Task requirements = The expected response is the full set of records, unchanged.

[Items from a dataset]
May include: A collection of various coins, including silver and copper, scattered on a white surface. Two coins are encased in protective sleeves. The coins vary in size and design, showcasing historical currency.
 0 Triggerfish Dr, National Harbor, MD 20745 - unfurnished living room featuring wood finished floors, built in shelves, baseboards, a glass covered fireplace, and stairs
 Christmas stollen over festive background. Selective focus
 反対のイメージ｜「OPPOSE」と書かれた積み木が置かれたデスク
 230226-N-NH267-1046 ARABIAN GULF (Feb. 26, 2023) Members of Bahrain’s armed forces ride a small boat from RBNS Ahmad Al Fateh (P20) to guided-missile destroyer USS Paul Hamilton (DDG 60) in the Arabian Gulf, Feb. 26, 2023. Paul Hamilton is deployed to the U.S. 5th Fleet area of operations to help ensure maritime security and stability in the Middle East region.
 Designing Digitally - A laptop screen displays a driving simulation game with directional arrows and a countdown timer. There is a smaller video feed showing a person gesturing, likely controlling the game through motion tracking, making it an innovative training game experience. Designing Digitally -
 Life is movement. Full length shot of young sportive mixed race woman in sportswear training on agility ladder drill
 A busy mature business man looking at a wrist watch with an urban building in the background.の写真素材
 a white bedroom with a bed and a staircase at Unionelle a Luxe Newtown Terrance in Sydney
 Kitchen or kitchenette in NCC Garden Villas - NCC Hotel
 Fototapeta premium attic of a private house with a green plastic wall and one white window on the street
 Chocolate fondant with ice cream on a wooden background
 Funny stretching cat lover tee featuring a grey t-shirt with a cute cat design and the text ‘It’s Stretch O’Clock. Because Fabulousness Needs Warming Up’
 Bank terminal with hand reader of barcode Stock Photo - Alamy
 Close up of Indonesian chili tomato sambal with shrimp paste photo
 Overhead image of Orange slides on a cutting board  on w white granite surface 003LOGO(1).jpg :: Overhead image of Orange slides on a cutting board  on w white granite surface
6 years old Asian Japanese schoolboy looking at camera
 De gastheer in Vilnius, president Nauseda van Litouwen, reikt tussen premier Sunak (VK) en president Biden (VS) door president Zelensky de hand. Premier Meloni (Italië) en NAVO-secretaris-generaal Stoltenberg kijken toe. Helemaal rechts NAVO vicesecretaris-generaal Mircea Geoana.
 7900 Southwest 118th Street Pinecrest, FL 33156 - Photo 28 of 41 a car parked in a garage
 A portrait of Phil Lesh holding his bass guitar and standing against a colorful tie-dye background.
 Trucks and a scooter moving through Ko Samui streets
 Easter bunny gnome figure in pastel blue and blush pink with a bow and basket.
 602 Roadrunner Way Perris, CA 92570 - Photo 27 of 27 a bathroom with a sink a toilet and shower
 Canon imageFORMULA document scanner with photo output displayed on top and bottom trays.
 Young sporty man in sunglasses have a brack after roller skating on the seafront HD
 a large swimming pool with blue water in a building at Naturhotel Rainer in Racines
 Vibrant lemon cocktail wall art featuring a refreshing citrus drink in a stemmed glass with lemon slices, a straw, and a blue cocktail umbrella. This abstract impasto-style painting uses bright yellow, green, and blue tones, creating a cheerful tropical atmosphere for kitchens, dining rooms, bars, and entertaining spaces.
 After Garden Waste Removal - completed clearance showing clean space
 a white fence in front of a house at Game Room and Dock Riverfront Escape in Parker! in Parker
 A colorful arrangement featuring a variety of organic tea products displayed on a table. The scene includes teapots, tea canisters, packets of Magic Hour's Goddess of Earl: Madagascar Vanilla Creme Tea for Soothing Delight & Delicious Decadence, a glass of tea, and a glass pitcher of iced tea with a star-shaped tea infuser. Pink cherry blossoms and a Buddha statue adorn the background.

Solution =
May include: A collection of various coins, including silver and copper, scattered on a white surface. Two coins are encased in protective sleeves. The coins vary in size and design, showcasing historical currency.
 0 Triggerfish Dr, National Harbor, MD 20745 - unfurnished living room featuring wood finished floors, built in shelves, baseboards, a glass covered fireplace, and stairs
 Christmas stollen over festive background. Selective focus
 反対のイメージ｜「OPPOSE」と書かれた積み木が置かれたデスク
 230226-N-NH267-1046 ARABIAN GULF (Feb. 26, 2023) Members of Bahrain’s armed forces ride a small boat from RBNS Ahmad Al Fateh (P20) to guided-missile destroyer USS Paul Hamilton (DDG 60) in the Arabian Gulf, Feb. 26, 2023. Paul Hamilton is deployed to the U.S. 5th Fleet area of operations to help ensure maritime security and stability in the Middle East region.
 Designing Digitally - A laptop screen displays a driving simulation game with directional arrows and a countdown timer. There is a smaller video feed showing a person gesturing, likely controlling the game through motion tracking, making it an innovative training game experience. Designing Digitally -
 Life is movement. Full length shot of young sportive mixed race woman in sportswear training on agility ladder drill
 A busy mature business man looking at a wrist watch with an urban building in the background.の写真素材
 a white bedroom with a bed and a staircase at Unionelle a Luxe Newtown Terrance in Sydney
 Kitchen or kitchenette in NCC Garden Villas - NCC Hotel
 Fototapeta premium attic of a private house with a green plastic wall and one white window on the street
 Chocolate fondant with ice cream on a wooden background
 Funny stretching cat lover tee featuring a grey t-shirt with a cute cat design and the text ‘It’s Stretch O’Clock. Because Fabulousness Needs Warming Up’
 Bank terminal with hand reader of barcode Stock Photo - Alamy
 Close up of Indonesian chili tomato sambal with shrimp paste photo
 Overhead image of Orange slides on a cutting board  on w white granite surface 003LOGO(1).jpg :: Overhead image of Orange slides on a cutting board  on w white granite surface
6 years old Asian Japanese schoolboy looking at camera
 De gastheer in Vilnius, president Nauseda van Litouwen, reikt tussen premier Sunak (VK) en president Biden (VS) door president Zelensky de hand. Premier Meloni (Italië) en NAVO-secretaris-generaal Stoltenberg kijken toe. Helemaal rechts NAVO vicesecretaris-generaal Mircea Geoana.
 7900 Southwest 118th Street Pinecrest, FL 33156 - Photo 28 of 41 a car parked in a garage
 A portrait of Phil Lesh holding his bass guitar and standing against a colorful tie-dye background.
 Trucks and a scooter moving through Ko Samui streets
 Easter bunny gnome figure in pastel blue and blush pink with a bow and basket.
 602 Roadrunner Way Perris, CA 92570 - Photo 27 of 27 a bathroom with a sink a toilet and shower
 Canon imageFORMULA document scanner with photo output displayed on top and bottom trays.
 Young sporty man in sunglasses have a brack after roller skating on the seafront HD
 a large swimming pool with blue water in a building at Naturhotel Rainer in Racines
 Vibrant lemon cocktail wall art featuring a refreshing citrus drink in a stemmed glass with lemon slices, a straw, and a blue cocktail umbrella. This abstract impasto-style painting uses bright yellow, green, and blue tones, creating a cheerful tropical atmosphere for kitchens, dining rooms, bars, and entertaining spaces.
 After Garden Waste Removal - completed clearance showing clean space
 a white fence in front of a house at Game Room and Dock Riverfront Escape in Parker! in Parker
 A colorful arrangement featuring a variety of organic tea products displayed on a table. The scene includes teapots, tea canisters, packets of Magic Hour's Goddess of Earl: Madagascar Vanilla Creme Tea for Soothing Delight & Delicious Decadence, a glass of tea, and a glass pitcher of iced tea with a star-shaped tea infuser. Pink cherry blossoms and a Buddha statue adorn the background.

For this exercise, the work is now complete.